Tuesday, July 20, 2010

If you are the Loch Ess, you may be a redneck

My therapist got into my blog SOMEHOW and she’s all concerned because I made a comment about her expensive shoes so we did an exercise to figure out where my “societal inferiority complex” comes from. We managed to trace this back to a conversation I had with my mother when I was five:

LIL ESSIE: “Mom, are we rednecks?”

MOM: “Your father is. I’m a poor white.”

It seemed like a good explanation. My mother used to say that rednecks had more fun that wealthy people and I carried it with me. Because of her, I also still go to the bathroom before I leave the house and lock my car doors when I drive because if you don’t a hobo will open the door and grab you when you stop at a traffic light. Really, it’s a miracle I don’t have more paranoid delusions than the ones I already have.

DR L: “But you have succeeded. You are a career woman.”
ESSIE: “I’m not a career woman.”
DR L: “You are a marketing manager.”
ESSIE: “Not a very good one...I mean, I blog at work and am half-drunk all the time.”
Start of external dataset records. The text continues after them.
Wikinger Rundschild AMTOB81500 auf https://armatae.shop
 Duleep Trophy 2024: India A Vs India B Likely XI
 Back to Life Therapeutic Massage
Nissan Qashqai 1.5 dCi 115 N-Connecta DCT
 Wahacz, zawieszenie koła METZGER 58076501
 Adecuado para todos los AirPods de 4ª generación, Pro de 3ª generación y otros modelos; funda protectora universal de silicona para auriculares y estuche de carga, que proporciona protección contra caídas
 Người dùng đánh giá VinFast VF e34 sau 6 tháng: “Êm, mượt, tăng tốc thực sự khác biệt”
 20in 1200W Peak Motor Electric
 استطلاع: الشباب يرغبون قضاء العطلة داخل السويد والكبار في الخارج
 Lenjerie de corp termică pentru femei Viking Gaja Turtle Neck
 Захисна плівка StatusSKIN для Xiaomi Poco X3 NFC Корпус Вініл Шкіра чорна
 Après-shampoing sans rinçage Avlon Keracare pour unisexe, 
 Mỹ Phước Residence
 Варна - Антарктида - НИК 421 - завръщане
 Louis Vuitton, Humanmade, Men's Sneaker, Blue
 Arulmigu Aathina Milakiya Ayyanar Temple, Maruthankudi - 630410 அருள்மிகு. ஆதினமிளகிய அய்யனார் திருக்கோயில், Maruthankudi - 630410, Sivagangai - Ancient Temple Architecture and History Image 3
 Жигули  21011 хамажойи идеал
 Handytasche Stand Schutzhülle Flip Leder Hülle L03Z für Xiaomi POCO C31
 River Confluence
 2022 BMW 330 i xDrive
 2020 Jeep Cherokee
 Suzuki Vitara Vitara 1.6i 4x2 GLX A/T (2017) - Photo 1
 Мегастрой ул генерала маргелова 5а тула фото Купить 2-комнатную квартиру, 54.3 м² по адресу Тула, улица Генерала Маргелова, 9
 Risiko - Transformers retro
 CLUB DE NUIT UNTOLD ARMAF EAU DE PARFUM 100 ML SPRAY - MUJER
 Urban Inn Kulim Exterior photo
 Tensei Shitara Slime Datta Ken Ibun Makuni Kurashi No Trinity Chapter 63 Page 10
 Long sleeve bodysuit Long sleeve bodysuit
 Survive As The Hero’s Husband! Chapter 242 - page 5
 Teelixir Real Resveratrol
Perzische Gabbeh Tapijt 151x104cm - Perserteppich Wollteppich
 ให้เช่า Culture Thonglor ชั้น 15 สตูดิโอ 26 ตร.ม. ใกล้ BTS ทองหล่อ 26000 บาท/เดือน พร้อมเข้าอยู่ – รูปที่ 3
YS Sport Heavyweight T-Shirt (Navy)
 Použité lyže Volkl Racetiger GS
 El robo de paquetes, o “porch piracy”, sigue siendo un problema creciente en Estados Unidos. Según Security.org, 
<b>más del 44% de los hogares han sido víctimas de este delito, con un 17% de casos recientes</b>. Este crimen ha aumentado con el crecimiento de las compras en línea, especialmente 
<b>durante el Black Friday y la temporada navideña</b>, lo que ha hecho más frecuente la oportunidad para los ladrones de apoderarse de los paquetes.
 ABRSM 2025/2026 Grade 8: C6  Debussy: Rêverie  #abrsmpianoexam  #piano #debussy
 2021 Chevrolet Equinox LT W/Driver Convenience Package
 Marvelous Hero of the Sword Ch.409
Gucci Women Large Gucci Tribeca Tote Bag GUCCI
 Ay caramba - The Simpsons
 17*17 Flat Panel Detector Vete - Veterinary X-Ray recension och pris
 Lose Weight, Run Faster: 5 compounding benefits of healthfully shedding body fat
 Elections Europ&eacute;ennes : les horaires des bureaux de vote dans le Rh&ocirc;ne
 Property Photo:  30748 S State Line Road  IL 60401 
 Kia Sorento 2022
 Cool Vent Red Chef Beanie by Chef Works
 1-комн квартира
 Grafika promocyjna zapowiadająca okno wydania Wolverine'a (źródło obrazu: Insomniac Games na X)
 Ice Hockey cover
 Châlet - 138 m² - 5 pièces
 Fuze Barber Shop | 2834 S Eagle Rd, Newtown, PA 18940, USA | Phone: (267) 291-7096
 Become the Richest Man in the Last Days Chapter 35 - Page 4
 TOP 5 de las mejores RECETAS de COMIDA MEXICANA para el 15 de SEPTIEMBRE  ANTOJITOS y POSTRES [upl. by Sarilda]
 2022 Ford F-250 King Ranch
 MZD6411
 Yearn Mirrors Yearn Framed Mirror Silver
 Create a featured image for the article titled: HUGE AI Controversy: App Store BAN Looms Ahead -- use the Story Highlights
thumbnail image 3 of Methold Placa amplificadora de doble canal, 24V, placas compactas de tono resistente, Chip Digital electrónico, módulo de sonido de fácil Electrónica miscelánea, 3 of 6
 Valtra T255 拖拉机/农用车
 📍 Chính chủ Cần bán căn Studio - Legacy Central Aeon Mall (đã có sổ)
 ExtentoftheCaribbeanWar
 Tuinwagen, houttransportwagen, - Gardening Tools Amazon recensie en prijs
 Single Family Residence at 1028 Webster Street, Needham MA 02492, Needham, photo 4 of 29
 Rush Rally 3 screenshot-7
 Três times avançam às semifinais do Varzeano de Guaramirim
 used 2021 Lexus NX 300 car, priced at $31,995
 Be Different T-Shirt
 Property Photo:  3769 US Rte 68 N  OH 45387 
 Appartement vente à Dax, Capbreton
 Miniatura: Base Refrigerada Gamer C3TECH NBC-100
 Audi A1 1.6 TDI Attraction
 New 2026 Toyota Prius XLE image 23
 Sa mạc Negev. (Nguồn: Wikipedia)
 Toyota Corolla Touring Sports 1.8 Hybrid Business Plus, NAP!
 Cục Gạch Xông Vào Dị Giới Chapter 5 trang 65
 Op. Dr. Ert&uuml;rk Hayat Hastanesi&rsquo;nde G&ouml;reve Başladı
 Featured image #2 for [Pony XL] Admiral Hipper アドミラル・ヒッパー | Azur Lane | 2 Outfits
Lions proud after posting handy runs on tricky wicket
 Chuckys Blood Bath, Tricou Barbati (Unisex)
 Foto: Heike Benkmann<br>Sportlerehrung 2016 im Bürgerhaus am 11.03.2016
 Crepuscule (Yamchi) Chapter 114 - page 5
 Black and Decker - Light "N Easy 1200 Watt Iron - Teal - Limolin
So, she suggested that I start looking for something that “challenges” me a bit more. Here is my skill set:

• Slightly used Degree in Marketing Management
• Can operate a frozen yoghurt machine
• Able to describe what an endoscopist, colposcopist and variety of other complicated medical professionals do
• Can explain the exegesis of a given Bible verse
• Can organize wine and cheeses
• Knows what the secret in the secret sauce is at Spur Steakhouses (it’s just mayo that we leave in the sun)
• Has the telephone number of Heinz Winckler on cell phone

If you guys hear of anything, please recommend me.


  1. I did not know they had rednecks in South Africa. As always, I learn so much from you.

  2. Yep, only we call 'em Parow Arrows, Pyle, Armblankes or Kommin mense.

  3. Sounds to me like the therapist has a napoleonic complex. It wasn't offered up by you to her though she probably found out by googling your name.

  4. Mayo...in the sun? *dream shatters* I assumed it was some sort of exotic South African herb.

  5. So I was stoned while I was reading your blog last night, and I never freaking noticed before that therapist says "the_rapist". What the fuck, English language?

  6. I think your therapist is just jealous that your blog has more awesomeness than she can muster in her shoes.